Adana’nın Kozan ilçesinde bulunan Ahmet Yesevi Camii imamının camideki kuran kursuna gelen bir çocuğu 11 yıl “cinsel istismarda bulunduğu” gerekçesiyle tutuklandığının hatırlatıldığı açıklamada, bu olayın suçluyu değil mağduru mahkum eden toplumsal yargıların, ahlakı cinsellikten ibaret zanneden anlayışın, istismarı aklayan erkeklik mitlerinin çocuk cinsel istismarını nasıl karanlıkta bıraktığını gösteren binlerce örnekten sadece biri olduğu kaydedildi.
‘Çocuklar susmaz susan yetişkinlerdir’
Çocukların susmadığını, sözcüklerle ifade edemediklerinde bedeniyle, davranışlarıyla anlattıklarına vurgu yapılan açıklamada, “Doğaları gereği ağır fiziksel ve ruhsal etkileri olan cinsel istismarı, ne kadar korkutulmuş olurlarsa olsunlar saklayamazlar. Çocuğun kendisinin, ailesinin, tüm yakınlarının, gittiği okulun, hatta yaşadığı sokağın, şehrin adı çıkmasın diye susanlar yetişkinlerdir. Hastanelerde istismar vakalarını başka içeriklerle kayda geçiren sağlık personelinden, failin çalıştığı kuruma zarar gelmesin diye soruşturma açmayan savcısına kadar susanlar ve çocukları dinlemeyenler, gözlemeyenler, görevlerini yapmayanlar istismar failleri kadar suçludur” diye belirtildi.
‘Medya gerçek nedenleri ve çözüm yollarını tartışmak biçiminde ele almıyor’
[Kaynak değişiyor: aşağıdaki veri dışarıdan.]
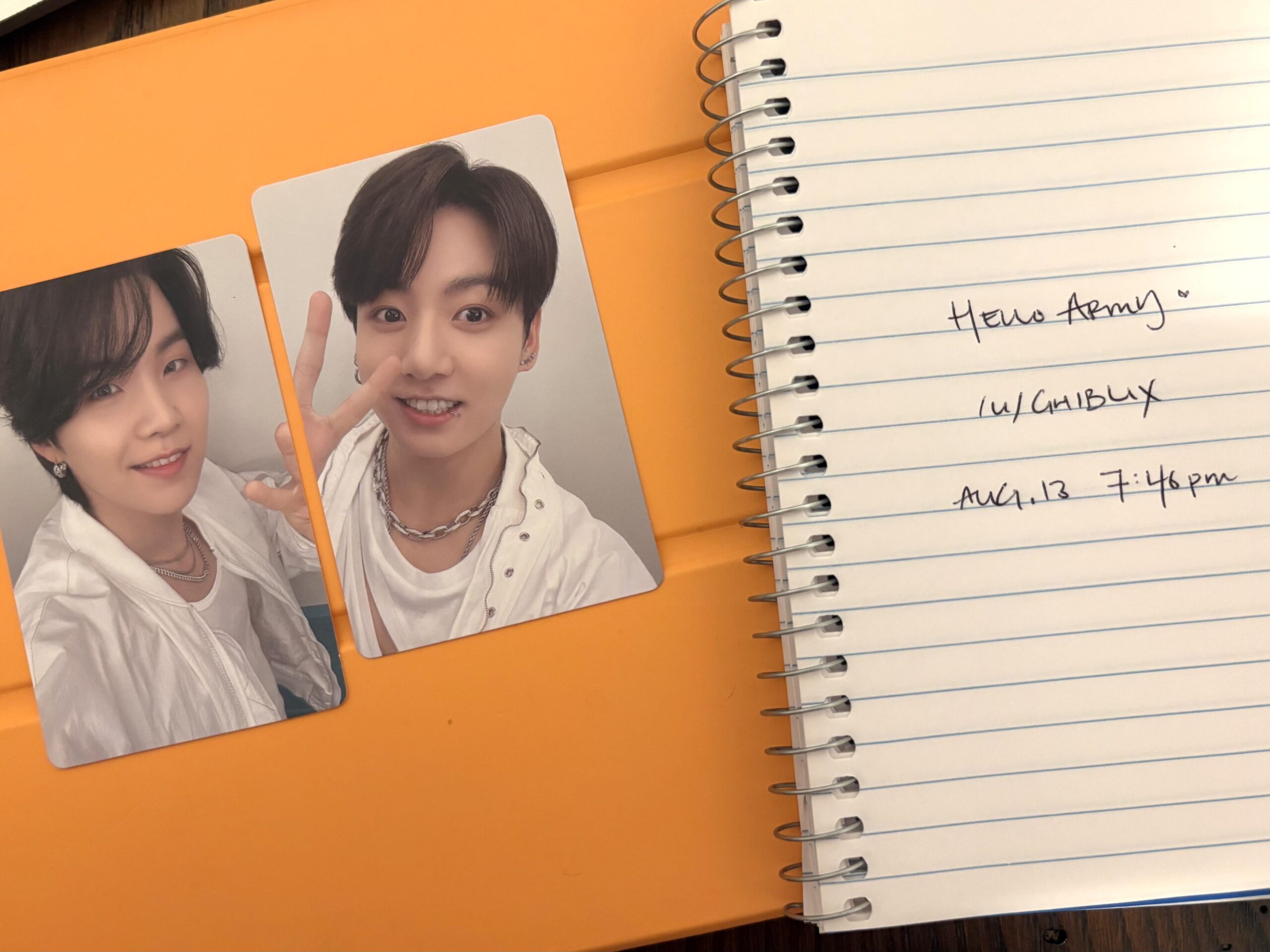 [WTT] [USA] ‘Permission to Dance - Live’ Photocards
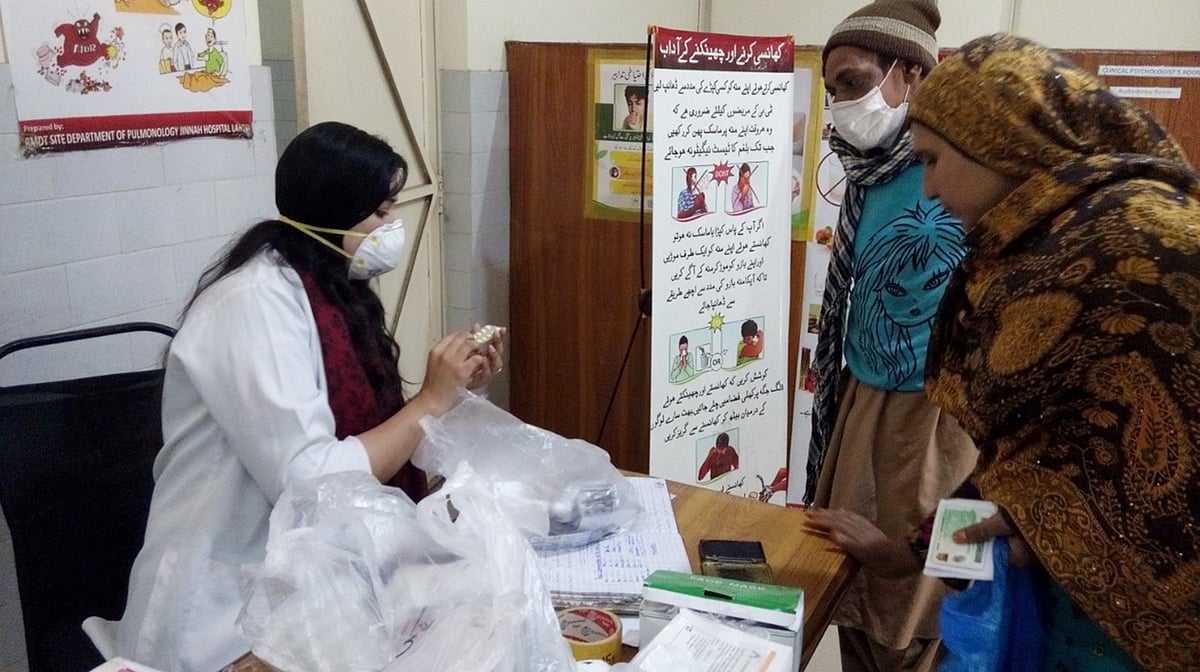 پاکستان میں تپ دق کا سنگین بحران، روزانہ 140 اموات، عالمی ادارہ صحت کی وارننگ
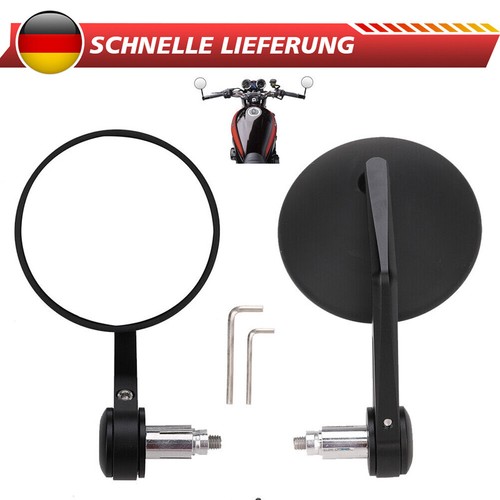 Motorrad lenkerendenspiegel - 2x,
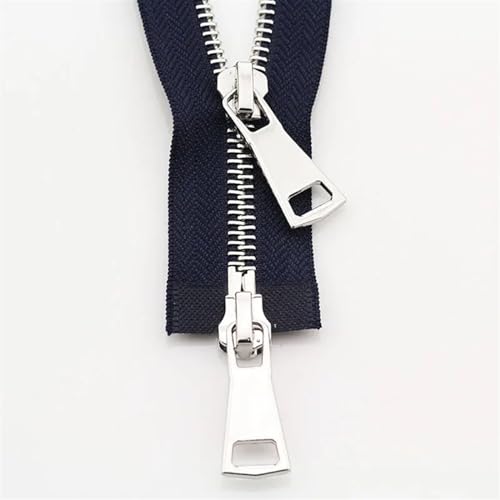Reißverschlüsse, Zwei-Wege-Reißverschluss, Reißverschluss for Jacke, robuster Reißverschluss, Zwei-Wege-Reißverschluss, 70/90 cm, Jacke, Metall-Reißverschluss, Doppelschieber, Zwei-Wege-Reißverschluss Reißverschlüsse, Zwei-Wege-Reißverschluss, Reißverschluss for Jacke, robuster Reißverschluss, Zwei-Wege-Reißverschluss, 70/90 cm, Jacke, Metall-Reißverschluss, Doppelschieber, Zwei-Wege-Reißverschluss von MyrXFb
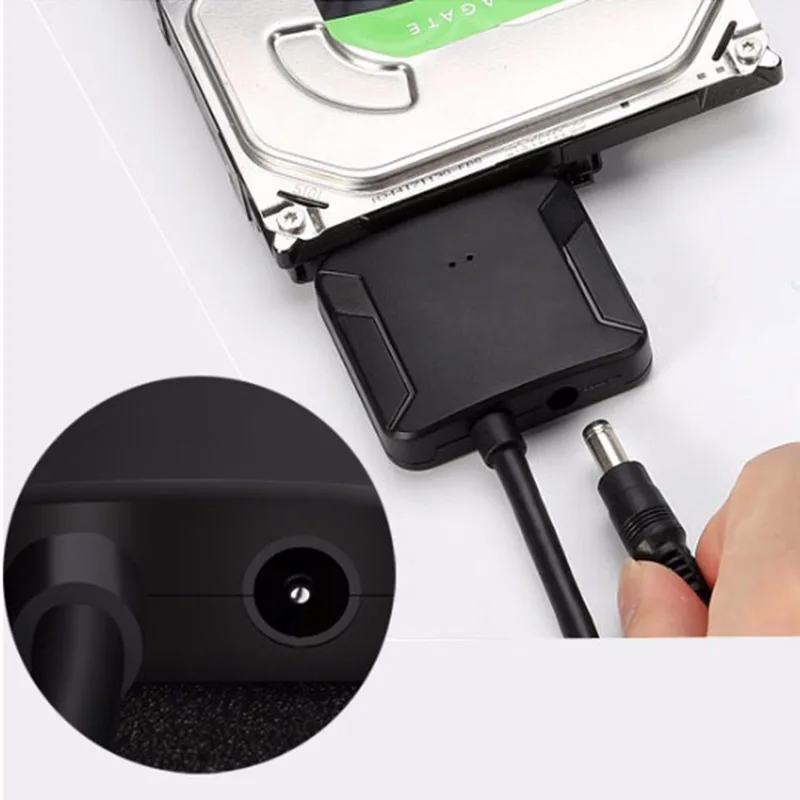 USB 3.0 to Sata Adapter Converter Cable 22Pin Sata to USB3.0 Adapters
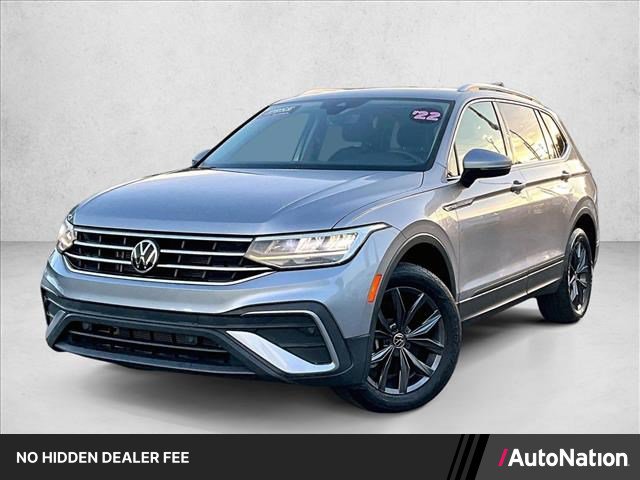 Used 2022 Volkswagen Tiguan SE w/ Panoramic Sunroof Package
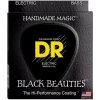 DR Strings BKE7-10 K3 Black Beauties Medium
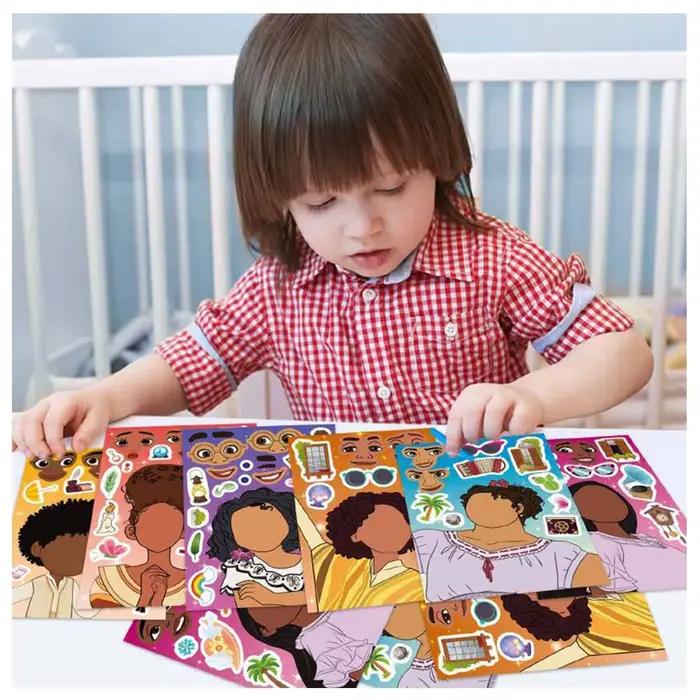 Autocollants de Puzzle Disney Encanto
Öte yandan çocuk cinsel istismarının, medyada ve sosyal medyada, gerçek nedenleri ve çözüm yollarını tartışmak biçiminde ele alınmadığına dikkat çekilen açıklamada, “İdam ve hadım taleplerinin ayyuka çıktığı bir linç söylemi ile adeta istismarın ve şiddetin pornografisine dönüştürülüyor. Oysa ki, çocuk cinsel istismarını konuya emek veren, akıl yoran çeşitli branşlardan uzmanlar, konuyla ilgili kadın ve çocuk örgütleri ile birlikte konuşmak gerekiyor. Yazılı ve görsel basında bu yaklaşımı göremiyor, aynı kişilerin, aynı cümleleri tekrar ettiği; sorunun anlaşılmasına ve çözümüne katkıda bulunmak bir yana linç ortamını körükleyen ve bilinçli ya da bilinçsiz reyting artırma çabasına dönüşen yayınlara maruz kalıyoruz” denildi.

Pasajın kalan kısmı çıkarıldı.